Пригласил бы меня Юлий Яковлевич в «массовку» — постоять, помолчать в кадре, — я бы с великой охотой согласилась, да и там волновалась бы: очень уж хочется так сыграть, чтобы ему понравилось. Но тогда, на съемки фильма «А если это любовь?», я приходила, ни капельки не волнуясь.
Пригласили меня на пробу, я до этого вообще не снималась в кино и о Юлии Яковлевиче, как о режиссере, не знала ничего. Мне говорили: «Дура, это ж Райзман!» — а мне было все равно.
Начали работать, репетировать в подготовительном периоде. К тому, что я делала, он все время приглядывался и что-то из «моего» отбирал. Мне долго казалось, что берет он какие-то мелочи, которым я раньше никогда не придавала значения. Ну, какая разница, вот так я двину рукой или вот этак — это же малозаметные движения!
Потом уж я поняла, что Юлий Яковлевич из меня, из моей индивидуальности, из того, что я могу, лепит что-то свое, складывает, как мозаику. Обратит внимание на какой-то мой поворот или интонацию, скажет: «Постарайтесь это закрепить». К этому еще что-то «мое» же добавит, поправит, уточнит...
Со всем тем, что мы тогда на репетициях наработали, я и пошла сниматься. Обстановку Юлий Яковлевич создает такую, что об игре вообще как-то забываешь. Не пойму, как он это делал, но он давал удивительное ощущение жизни всему, что было вокруг. И я естественно стала жить перед камерой, понимаете, не пугалась этой камеры, свободно жила в тех обстоятельствах, которые предоставлялись ролью, мизансценой.
Очень он внимателен к актеру. Никогда не выразит недовольства, не скажет неодобрительного слова. Конечно, далеко не всегда с ним легко работать. С ним очень трудно: и требователен, и тщателен. Но он всегда вызывает доверие к тому, что делает, и актеры у него уверены в том, что все будет хорошо.

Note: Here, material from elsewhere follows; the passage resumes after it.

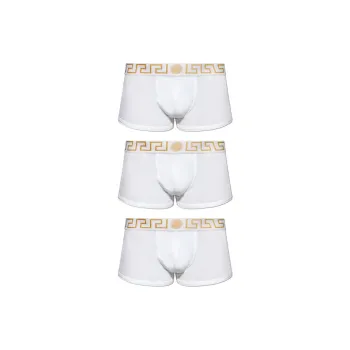VERSACE Greca Border Three Pack Boxer Briefs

Я сказала о внимательности. Есть в этом еще одна особенность, очень важная, по-моему: он внимателен не только в смысле вежливости, но и в прямом смысле этого слова.

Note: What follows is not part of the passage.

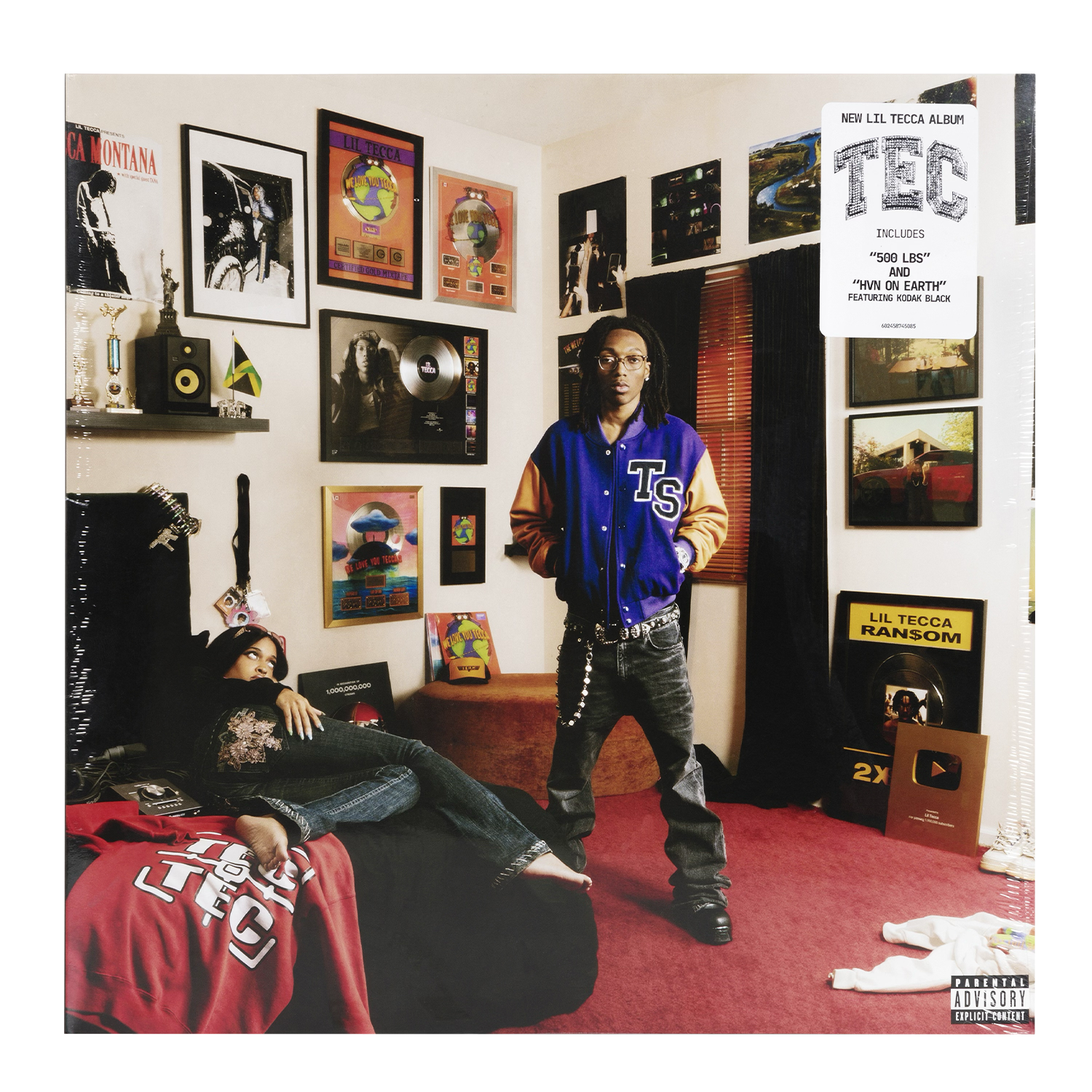 TEC BLACK VINYL LP – Lil Tecca TEC BLACK VINYL LP – Lil Tecca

Юлий Яковлевич приглядывается к актеру не только на площадке. Вот, кажется, просто общительный человек: мы разговариваем с ним в перерыве или обедаем вместе. И вдруг замечаешь, что он все смотрит, смотрит за тобой каким-то профессионально тренированным, проницательным глазом. А потом какой-нибудь мой жест — бытовой, естественный для меня и не замечаемый мной — мне же и предложит. Вот это да!

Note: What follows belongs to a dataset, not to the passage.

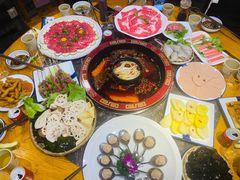 -蜀辣居鲜货老火锅(红牌楼店)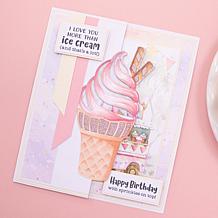 Crafters Companion Life is Sweet 12"x12" Paper Pad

Увидела я себя уже в готовом фильме. Тогда-то я все и поняла! Это была я. И роль была моей: даже то недоброе, что было в моей героине, собственническое по отношению к своему ребенку, действительно есть во мне, как есть, к сожалению, в каждой женщине. Но это он, Юлий Яковлевич Райзман, обнаружил во мне — актрисе и женщине — такие качества, которых я раньше за собой не знала. И не знала до него, на что я, как актриса, способна. Да, это была я, но ведь главное-то сделал он! На экране работал каждый нюанс, каждый поворот — все те мелочи, значения которым я не придавала….
Цит. по: Рыбак Л. В кадре – режиссер. Из наблюдений за работой
Ю. Райзмана и С. Герасимова. М.: Искусство, 1974.